> [Prompt]
Your job is to print, exactly, the lines in the data below from the line with "Roman blinds. Is" through the line with "Introducing the WF10", both included, and to omit any picture.

> [Data]

________________________

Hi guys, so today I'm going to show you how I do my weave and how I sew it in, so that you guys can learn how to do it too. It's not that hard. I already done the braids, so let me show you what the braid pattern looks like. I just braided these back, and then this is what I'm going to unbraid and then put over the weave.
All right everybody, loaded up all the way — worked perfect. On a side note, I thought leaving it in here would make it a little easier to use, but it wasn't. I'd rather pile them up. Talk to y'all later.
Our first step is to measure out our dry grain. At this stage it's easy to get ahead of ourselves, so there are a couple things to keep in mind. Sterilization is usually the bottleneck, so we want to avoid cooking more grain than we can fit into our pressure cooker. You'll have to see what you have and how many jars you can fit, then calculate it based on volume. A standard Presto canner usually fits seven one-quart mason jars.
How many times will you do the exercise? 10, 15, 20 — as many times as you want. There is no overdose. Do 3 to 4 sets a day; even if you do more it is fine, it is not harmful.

________________________

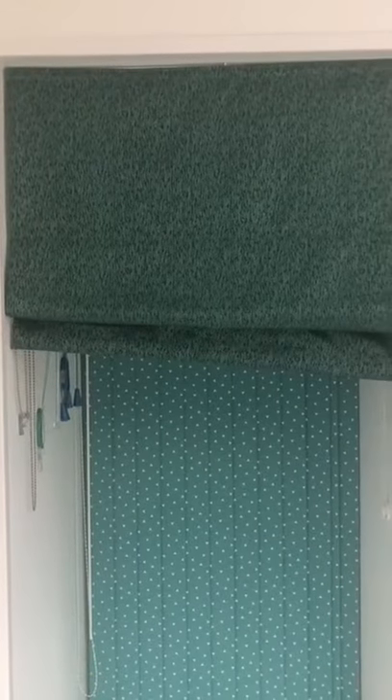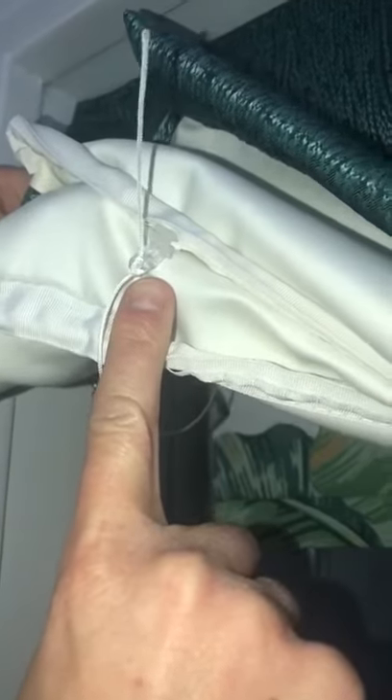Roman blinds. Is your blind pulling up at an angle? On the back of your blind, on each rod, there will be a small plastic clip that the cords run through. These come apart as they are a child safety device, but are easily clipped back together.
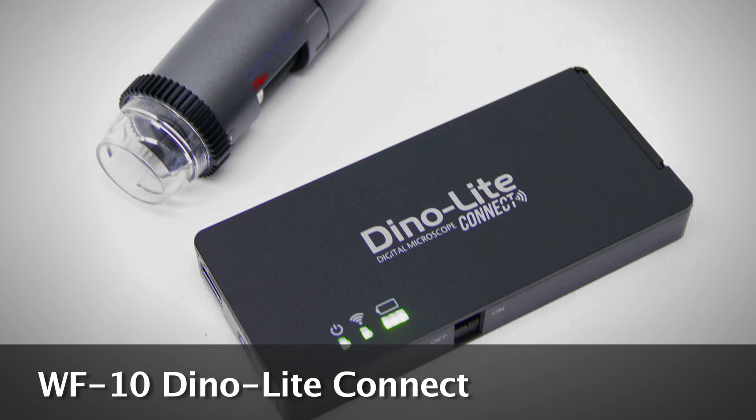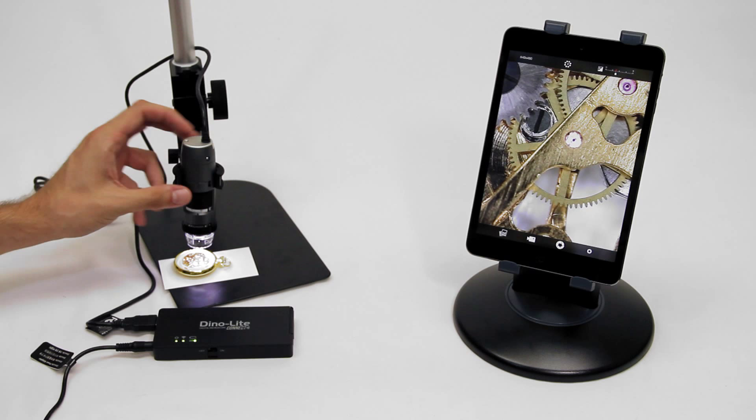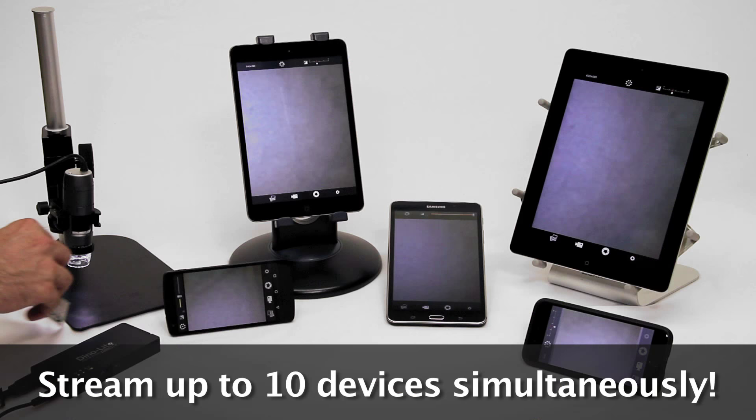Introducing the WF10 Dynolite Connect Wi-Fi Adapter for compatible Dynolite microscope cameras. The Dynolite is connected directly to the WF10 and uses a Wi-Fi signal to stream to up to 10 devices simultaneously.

________________________

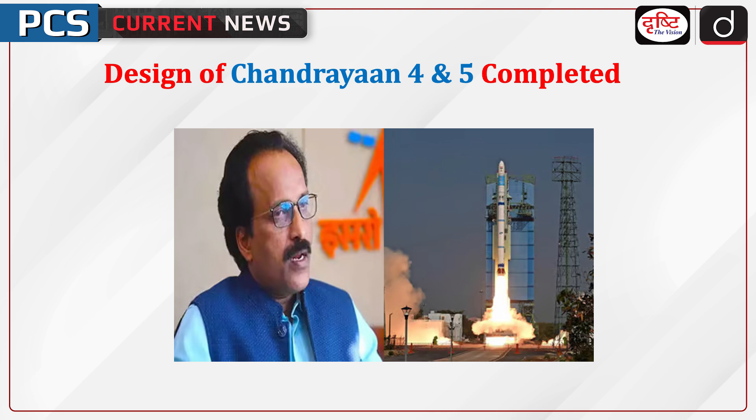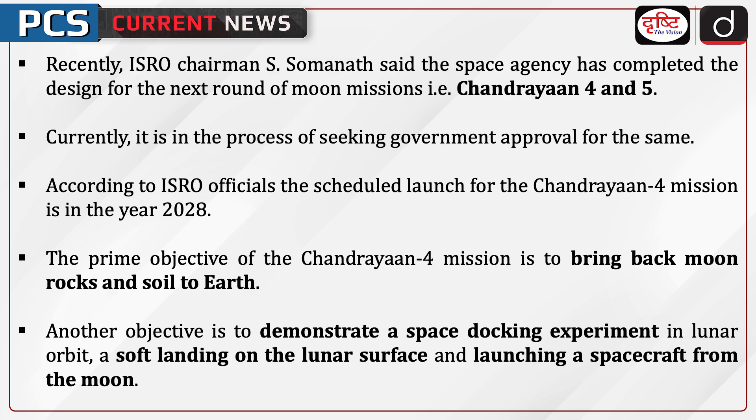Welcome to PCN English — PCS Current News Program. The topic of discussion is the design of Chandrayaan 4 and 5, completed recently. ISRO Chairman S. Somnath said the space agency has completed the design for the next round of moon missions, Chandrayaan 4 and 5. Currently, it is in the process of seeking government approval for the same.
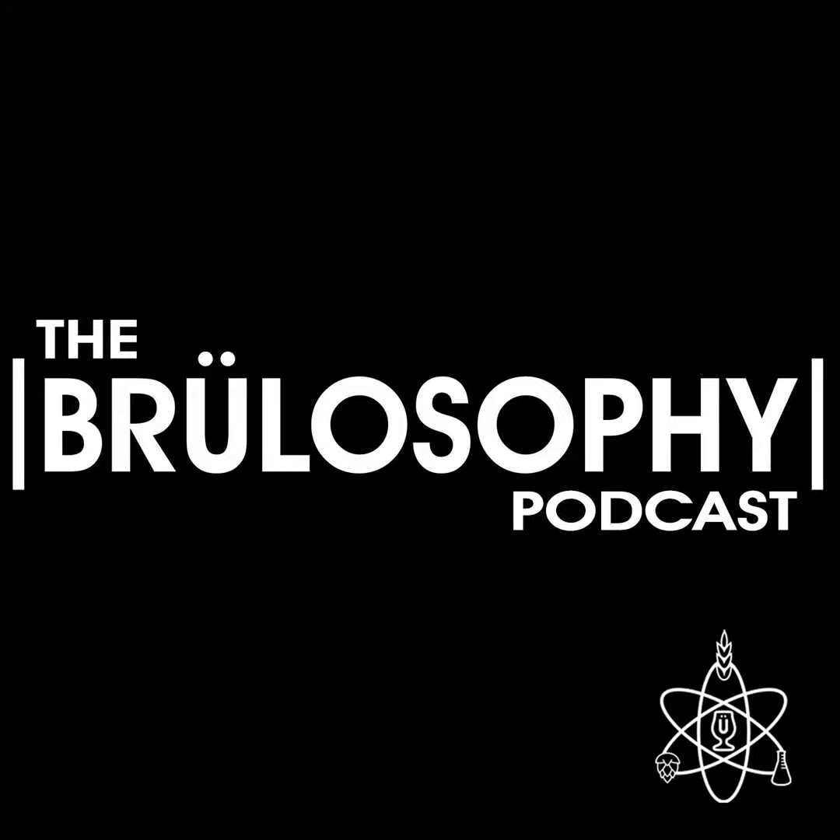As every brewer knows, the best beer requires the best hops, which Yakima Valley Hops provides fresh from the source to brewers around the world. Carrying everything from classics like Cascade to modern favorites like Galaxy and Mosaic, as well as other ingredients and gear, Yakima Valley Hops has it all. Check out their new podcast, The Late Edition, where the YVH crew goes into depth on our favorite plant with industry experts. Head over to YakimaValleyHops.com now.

________________________

> [Reply to the exercise]
Roman blinds. Is your blind pulling up at an angle? On the back of your blind, on each rod, there will be a small plastic clip that the cords run through. These come apart as they are a child safety device, but are easily clipped back together.
Introducing the WF10 Dynolite Connect Wi-Fi Adapter for compatible Dynolite microscope cameras. The Dynolite is connected directly to the WF10 and uses a Wi-Fi signal to stream to up to 10 devices simultaneously.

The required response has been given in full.